Die sogenannten Sucht“ oder „Suchteh“-Einbände  (mit scharfem „s“)  zählten zu den schönsten Bucheinbänden aus Leder. Es handelte sich um meist verkupferte, manchmal vergoldete Einbände mit sehr feinen reliefartigen Verzierungen, die durch Einbrennen erzielt wurden.  Die  Einbände  wurden mit Eingravierungen und Reliefen in der Mitte verziert und mit einer Umrandung und Schriftzügen versehen.

Besonders meisterhaft waren die Suchteh-Bucheinbände aus Täbris und Hirat gestaltet.  Beliebte Motive zur Verzierung waren Landschaften, naturgetreu nachgebildete Tiere und Vögel oder auch Fabelwesen.

Eine weitere Art von Ledereinband war das „Dscheld-e Zarbi“. Dabei wurden auf Metallstempeln mit Klischees versehen und diese Punzen auf dem Lederumschlag an der gewünschten Stelle aufgesetzt. Das  Muster und die Ornamente wurden durch Klopfen auf den Punzen auf die Lederoberfläche übertragen und eingraviert. Die Teile zwischen den eingravierten Linien blieben dabei  in der Farbe des Leders erhalten.  Bei manchen Zarbi-, Sucht- oder auch einfachen Bucheinbänden waren zusätzliche Umschlagränder üblich, die passend zu der Gesamtverzierung ebenso dekorativ gestaltet wurden. Diese Bucheinbände nannten sich Dschelde-Luladar.

                                      

Das Einbrennen auf Leder ist an sich schon eine  professionelle Angelegenheit. Es erfordert außerdem künstlerisches Talent als Maler und Zeichner. Der Kunsthandwerker verziert hierbei die ledernen Buchumschläge meist mit Miniaturen. Den Entwurf dazu zeichnet er entweder selber oder entlehnt ihn aus den Werken eines bekannten  iranischen Miniaturmalers.  In der Regel kommt die Miniatur selber in der Mitte der Verzierung zu stehen und sie wird an ihren Rändern noch von schönen Illustrationen und Abbildungen aus der Natur – zum Beispiel  Blumen-Vogel-Motiven umgeben.  Diese Umrandungen nennen sich Tazhib bzw. Tasch`ir.

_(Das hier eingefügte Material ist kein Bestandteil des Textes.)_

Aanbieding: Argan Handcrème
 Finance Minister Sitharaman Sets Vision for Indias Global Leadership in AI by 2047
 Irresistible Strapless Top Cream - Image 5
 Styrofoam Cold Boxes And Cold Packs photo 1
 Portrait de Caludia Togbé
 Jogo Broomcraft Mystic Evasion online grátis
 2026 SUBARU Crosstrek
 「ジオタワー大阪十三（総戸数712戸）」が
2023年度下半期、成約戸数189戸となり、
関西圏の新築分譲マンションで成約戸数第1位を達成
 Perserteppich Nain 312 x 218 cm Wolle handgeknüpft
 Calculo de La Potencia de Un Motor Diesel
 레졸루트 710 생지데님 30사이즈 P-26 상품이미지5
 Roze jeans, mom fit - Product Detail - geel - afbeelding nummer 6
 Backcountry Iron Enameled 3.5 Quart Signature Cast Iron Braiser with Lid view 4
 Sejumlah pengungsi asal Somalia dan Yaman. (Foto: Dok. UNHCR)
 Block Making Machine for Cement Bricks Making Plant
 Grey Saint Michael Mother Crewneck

Die Verwendung von Blattgold insbesondere beim Tazhib von Sucht-Leder ist gang und gebe. Dieses Blattgold wird noch einmal durch Qalamgiri – das heißt durch Bearbeitung mit einem Eingravierungsstift,  schön verziert.  Für die Übertragung des Entwurfes auf das Leder wird, insbesondere wenn sich viele Elemente in der Verzierung wiederholen, eine besondere Methode eingesetzt.

                                   

 Das Zurechtschneiden von Leder für ein Ledermosaik erfordert große Sorgfalt.  Die gefärbten Schnittteile für das Hauptfeld des Entwurfes werden mit einem Spezialkleber auf einer  kartonartigen Grundfläche aufgeklebt, die vorher aus mindestens 30 Blatt Papier angefertigt worden ist.  Nach Vollendung des Ledermosaiks beginnt die Bemalung mit sehr feinen Haarpinseln.

 

Unter den Safawiden (16. Bis 18. Jahrhundert nach Christus) erlebte dieses Kunsthandwerk eine Glanzepoche. Es wurden Koranexemplare und kostbare Manuskripte mit wunderschönen Sucht-Leder-Einbänden versehen. Die Sucht-Kunst (Honar-e Sucht) ist für zwei Dinge bekannt: Zum ersten für die prinzipielle Verwendung von nicht transparenten Farben (rang-e suchteh). Unterdessen verwendet man in der persischen Miniaturmalerei  transparente Farben.  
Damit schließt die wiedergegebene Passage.